Many of the affected African leaders claim that the ICC is racially subjective, accusing the organization of negatively highlighting cases involving various African leaders throughout the year.
There are 121 state parties who are members of the Rome Statute, the establishing treaty of the ICC. The member states include many countries outside Africa. Even though other member states experience crimes against humanity in myriad ways, little is known about these states when undergoing a trial at the ICC. This leaves the question whether African states are the only states to commit crimes against humanity in comparison to first world countries.
Sophomore Falukh Sentongo of Uganda said the ICC has always been involved in a culture of selective prosecutions, especially when African personalities are involved. He noted that the ICC prosecutes discriminatingly, making decisions partially based on cultural and racial orientations. Sentongo dismissed the fact that most people who accused the ICC of being impartial had either undergone trials, or were people whose states were being judged at the ICC.
As an international criminal court, the ICC was mandated to protect the Universal Declaration of Human Rights proposed at a United Nations meeting in 1948. Under the governance of the Rome Statute, the ICC was mandated to conserve human rights throughout the world. They vowed to deal with individuals who violated human rights, especially the rights of people living in areas of continued conflicts without regard to race.
Kenyan political analyst Paul Ofisi says that “Even though the court was created to help international countries end impunity on their lands and bring to justice the perpetrators of serious crimes against humanity, it has handled [the] African continent as a murky place full of atrocities that should be terminated.” Ofisi commended the ICC for doing a good job, but opposed how they damage the reputation of Africa by highlighting African states as the greatest human rights violators.
In a presidential statement marking last year’s Human Rights Day, ICC President Song Sang-Hyun stated, “I express my deepest sympathies to all persons whose fundamental human rights have been violated, especially those living in areas of continued conflict.” This statement expressed that the ICC’s main goal is to deliver justice to the less privileged in conflict prone areas.
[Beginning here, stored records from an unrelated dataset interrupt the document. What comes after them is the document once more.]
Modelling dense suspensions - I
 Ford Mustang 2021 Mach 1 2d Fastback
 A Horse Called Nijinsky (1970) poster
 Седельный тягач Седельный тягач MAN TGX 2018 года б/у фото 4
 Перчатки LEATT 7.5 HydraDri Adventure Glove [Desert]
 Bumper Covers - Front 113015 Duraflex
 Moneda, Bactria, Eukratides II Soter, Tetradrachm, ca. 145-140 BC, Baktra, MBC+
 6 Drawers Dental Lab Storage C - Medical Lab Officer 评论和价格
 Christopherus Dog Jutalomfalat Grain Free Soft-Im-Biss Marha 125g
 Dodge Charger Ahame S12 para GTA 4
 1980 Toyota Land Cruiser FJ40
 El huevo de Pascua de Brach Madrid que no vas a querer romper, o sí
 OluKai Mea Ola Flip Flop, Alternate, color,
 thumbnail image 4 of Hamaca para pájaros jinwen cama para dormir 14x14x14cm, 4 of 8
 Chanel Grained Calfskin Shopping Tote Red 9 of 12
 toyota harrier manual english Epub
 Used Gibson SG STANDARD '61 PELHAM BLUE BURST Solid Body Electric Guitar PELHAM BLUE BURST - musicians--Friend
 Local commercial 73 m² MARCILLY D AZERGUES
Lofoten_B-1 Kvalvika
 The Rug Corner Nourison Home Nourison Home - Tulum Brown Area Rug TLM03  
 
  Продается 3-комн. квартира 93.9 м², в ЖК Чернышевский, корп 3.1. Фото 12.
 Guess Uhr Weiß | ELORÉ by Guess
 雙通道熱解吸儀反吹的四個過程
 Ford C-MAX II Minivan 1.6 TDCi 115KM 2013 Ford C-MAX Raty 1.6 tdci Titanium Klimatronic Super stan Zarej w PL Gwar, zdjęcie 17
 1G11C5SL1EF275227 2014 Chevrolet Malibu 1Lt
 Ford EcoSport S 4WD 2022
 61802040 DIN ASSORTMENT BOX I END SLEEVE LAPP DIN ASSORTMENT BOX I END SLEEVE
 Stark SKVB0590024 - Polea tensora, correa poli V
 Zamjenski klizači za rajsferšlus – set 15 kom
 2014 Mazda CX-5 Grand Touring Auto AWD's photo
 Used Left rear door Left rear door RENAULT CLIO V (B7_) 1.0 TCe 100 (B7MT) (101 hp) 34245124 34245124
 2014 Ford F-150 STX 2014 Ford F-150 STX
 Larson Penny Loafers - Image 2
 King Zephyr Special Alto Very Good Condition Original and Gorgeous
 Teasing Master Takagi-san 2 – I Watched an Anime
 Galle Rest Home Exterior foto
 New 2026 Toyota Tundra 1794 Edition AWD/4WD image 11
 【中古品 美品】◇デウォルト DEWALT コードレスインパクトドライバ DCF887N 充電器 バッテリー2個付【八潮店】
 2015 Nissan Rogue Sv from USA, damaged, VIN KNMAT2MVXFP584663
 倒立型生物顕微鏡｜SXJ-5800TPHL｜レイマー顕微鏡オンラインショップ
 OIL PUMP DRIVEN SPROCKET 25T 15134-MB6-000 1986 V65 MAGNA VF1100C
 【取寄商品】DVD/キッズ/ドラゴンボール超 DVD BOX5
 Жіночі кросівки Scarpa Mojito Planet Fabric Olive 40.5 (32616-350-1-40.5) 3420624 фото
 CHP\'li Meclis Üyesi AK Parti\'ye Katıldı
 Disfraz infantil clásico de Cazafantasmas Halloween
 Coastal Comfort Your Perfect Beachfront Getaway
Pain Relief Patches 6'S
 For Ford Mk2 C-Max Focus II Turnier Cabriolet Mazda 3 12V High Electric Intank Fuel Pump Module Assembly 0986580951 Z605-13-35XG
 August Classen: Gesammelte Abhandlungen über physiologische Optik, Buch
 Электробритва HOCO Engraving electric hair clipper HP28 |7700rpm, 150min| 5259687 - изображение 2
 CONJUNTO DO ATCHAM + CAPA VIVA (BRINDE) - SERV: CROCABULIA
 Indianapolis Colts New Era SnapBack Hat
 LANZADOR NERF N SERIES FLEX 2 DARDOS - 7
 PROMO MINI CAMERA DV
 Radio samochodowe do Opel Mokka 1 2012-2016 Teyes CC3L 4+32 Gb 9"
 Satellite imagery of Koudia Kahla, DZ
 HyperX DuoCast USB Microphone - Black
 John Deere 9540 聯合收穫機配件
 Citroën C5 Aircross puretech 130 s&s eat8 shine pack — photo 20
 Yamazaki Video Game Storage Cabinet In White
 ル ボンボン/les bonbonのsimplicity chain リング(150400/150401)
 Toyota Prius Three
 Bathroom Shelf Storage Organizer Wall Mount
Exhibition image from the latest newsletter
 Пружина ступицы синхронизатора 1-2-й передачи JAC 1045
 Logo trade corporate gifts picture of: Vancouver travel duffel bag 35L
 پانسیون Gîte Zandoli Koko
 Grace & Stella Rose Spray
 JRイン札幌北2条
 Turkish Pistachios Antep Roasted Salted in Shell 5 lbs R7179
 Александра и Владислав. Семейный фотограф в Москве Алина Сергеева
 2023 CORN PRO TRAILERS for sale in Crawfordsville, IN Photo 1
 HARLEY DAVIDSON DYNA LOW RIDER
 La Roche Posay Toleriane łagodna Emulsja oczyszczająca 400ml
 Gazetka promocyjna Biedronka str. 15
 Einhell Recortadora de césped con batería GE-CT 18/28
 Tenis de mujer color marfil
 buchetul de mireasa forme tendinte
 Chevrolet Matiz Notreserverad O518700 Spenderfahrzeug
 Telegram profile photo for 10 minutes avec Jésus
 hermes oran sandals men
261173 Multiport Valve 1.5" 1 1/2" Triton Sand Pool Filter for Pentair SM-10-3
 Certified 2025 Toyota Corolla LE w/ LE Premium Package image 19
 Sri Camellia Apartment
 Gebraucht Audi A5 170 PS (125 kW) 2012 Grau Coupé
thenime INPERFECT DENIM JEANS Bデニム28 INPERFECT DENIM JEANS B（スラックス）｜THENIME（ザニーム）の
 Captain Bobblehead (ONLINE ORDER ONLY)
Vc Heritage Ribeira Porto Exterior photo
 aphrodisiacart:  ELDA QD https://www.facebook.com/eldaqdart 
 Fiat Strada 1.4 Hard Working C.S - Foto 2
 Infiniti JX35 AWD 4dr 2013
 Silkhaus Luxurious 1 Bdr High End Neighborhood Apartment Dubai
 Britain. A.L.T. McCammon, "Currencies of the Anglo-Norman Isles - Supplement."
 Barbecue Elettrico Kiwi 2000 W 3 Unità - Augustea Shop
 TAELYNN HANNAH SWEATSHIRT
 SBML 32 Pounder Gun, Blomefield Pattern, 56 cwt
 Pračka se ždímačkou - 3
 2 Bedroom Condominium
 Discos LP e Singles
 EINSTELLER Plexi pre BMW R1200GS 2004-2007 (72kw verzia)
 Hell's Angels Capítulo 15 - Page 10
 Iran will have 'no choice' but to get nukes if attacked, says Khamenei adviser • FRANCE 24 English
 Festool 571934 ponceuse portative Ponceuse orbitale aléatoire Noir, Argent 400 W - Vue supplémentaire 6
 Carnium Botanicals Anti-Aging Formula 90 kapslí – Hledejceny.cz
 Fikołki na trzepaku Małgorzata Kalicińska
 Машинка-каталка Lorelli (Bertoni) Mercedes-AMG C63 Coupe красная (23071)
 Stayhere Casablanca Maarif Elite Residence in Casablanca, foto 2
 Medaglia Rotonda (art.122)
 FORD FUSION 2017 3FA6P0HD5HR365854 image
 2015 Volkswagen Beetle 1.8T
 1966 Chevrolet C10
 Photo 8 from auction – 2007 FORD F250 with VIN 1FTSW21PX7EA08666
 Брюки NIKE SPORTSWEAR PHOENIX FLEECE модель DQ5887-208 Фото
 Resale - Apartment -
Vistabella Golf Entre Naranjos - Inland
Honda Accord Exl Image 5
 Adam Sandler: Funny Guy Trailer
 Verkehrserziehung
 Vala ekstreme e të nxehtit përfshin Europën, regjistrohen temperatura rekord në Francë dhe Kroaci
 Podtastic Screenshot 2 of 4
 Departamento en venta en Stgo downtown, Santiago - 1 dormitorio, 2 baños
Sang-Hyun concluded that human rights should be vigilantly promoted and protected.
Sang-Hyun’s statement was strongly guarded by the chief prosecutor, Fatou Bensouda, who responded to accusations of her handling of the recent Kenyan cases at the court. “No one will divert me from the course of justice,” she said, and noted that the main focus of the ICC was to dwell in areas that are susceptible to conflict and where human rights are constantly being violated.
A freshman who requested anonymity defended the ICC and noted that the prosecutorial office only responds where its immediate intervention is seriously needed – to help calm the victims of humanity crimes by ending impunity, and to bring the perpetrators to justice. “That is why many African states are having numerous trials at the ICC – they still experience impunity from their dictator leaders,” the freshman said.
The freshman noted that the recent African cases at the ICC are justifiable because of the ICC’s handling of human rights in those countries. This person added that unless African perception of a biased ICC does not change, crimes against humanity will ever prevail in the continent.